— What this task involves —
The listing is to be reproduced exactly, excluding its pictures.

— Data extract —
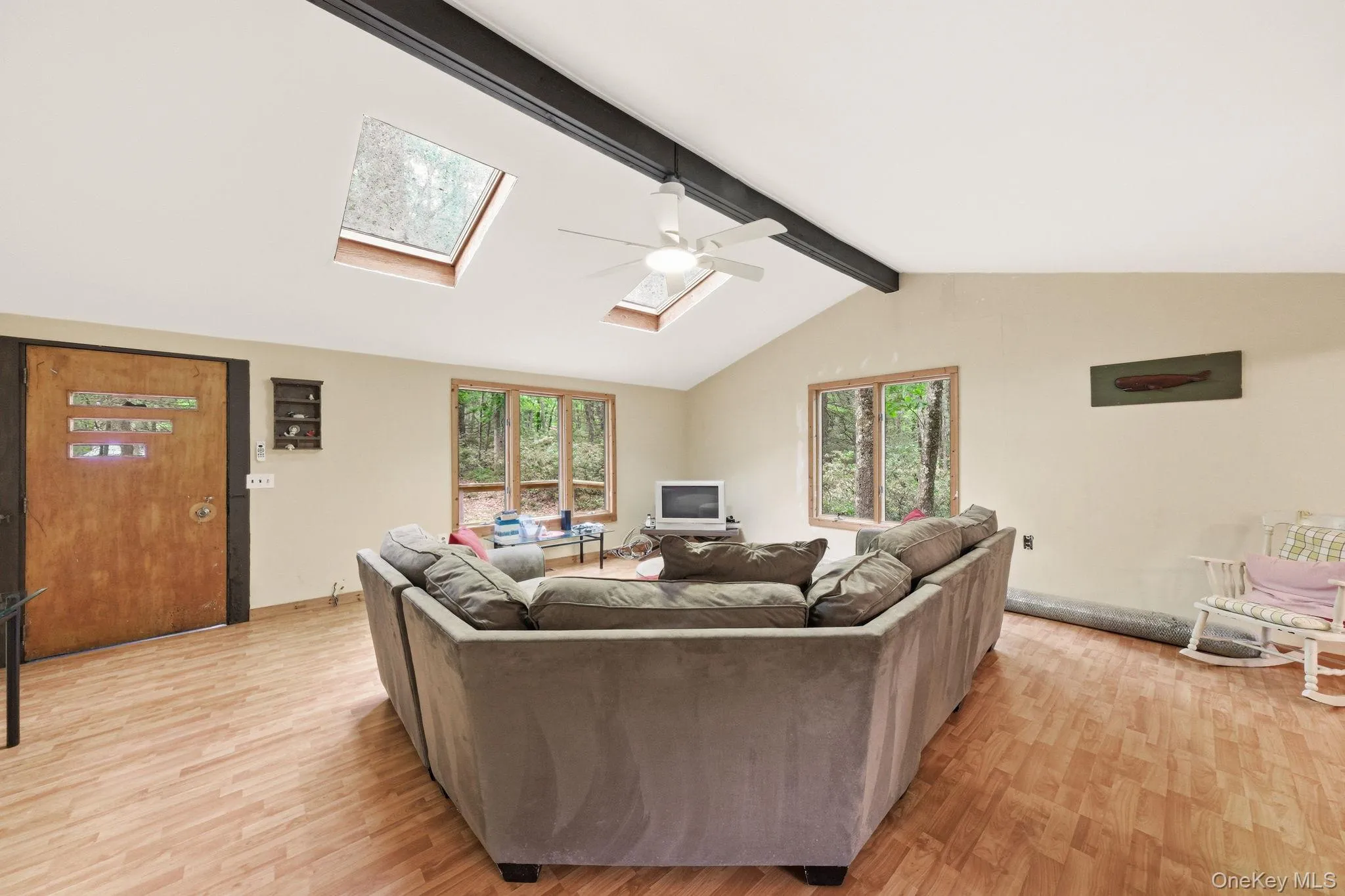 315 Shore Drive, Thompson, NY, 3 Bedrooms Bedrooms, 5 Rooms Rooms,1 BathroomBathrooms,Residential,For Rent,Shore,0,1021490 315 Shore Drive, Thompson, NY, 3 Bedrooms Bedrooms, 5 Rooms Rooms,1 BathroomBathrooms,Residential,For Rent,Shore,0,1021490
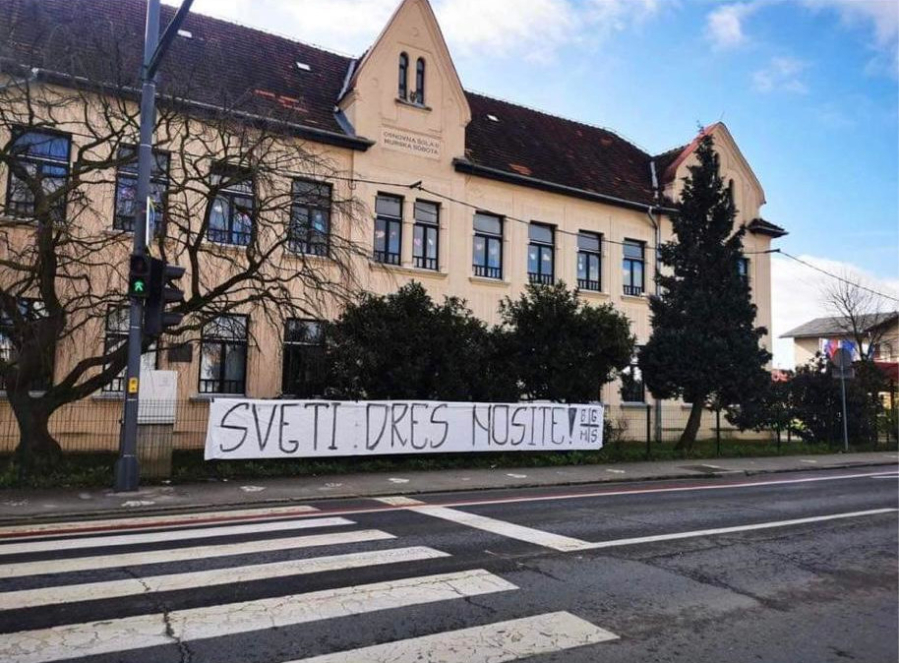 Igralce Mure je danes zbudil napis pred drugo osnovno šolo v Murski Soboti. Igralce Mure je danes zbudil napis pred drugo osnovno šolo v Murski Soboti.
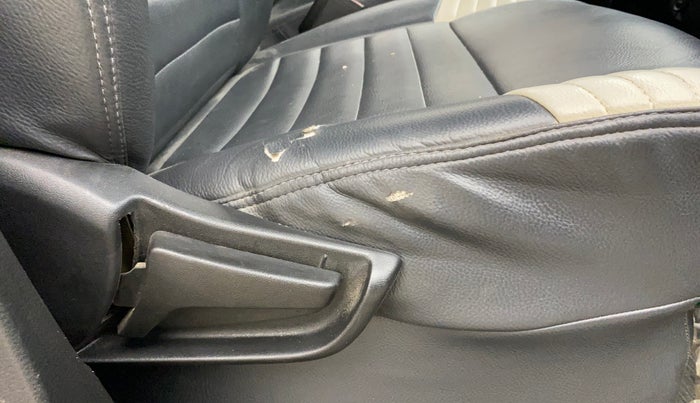 2019 Maruti S PRESSO VXI+, Petrol, Manual, 39,622 km, Driver Side Adjustment Panel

— Answer below —
 315 Shore Drive, Thompson, NY, 3 Bedrooms Bedrooms, 5 Rooms Rooms,1 BathroomBathrooms,Residential,For Rent,Shore,0,1021490 315 Shore Drive, Thompson, NY, 3 Bedrooms Bedrooms, 5 Rooms Rooms,1 BathroomBathrooms,Residential,For Rent,Shore,0,1021490
 Igralce Mure je danes zbudil napis pred drugo osnovno šolo v Murski Soboti. Igralce Mure je danes zbudil napis pred drugo osnovno šolo v Murski Soboti.
 2019 Maruti S PRESSO VXI+, Petrol, Manual, 39,622 km, Driver Side Adjustment Panel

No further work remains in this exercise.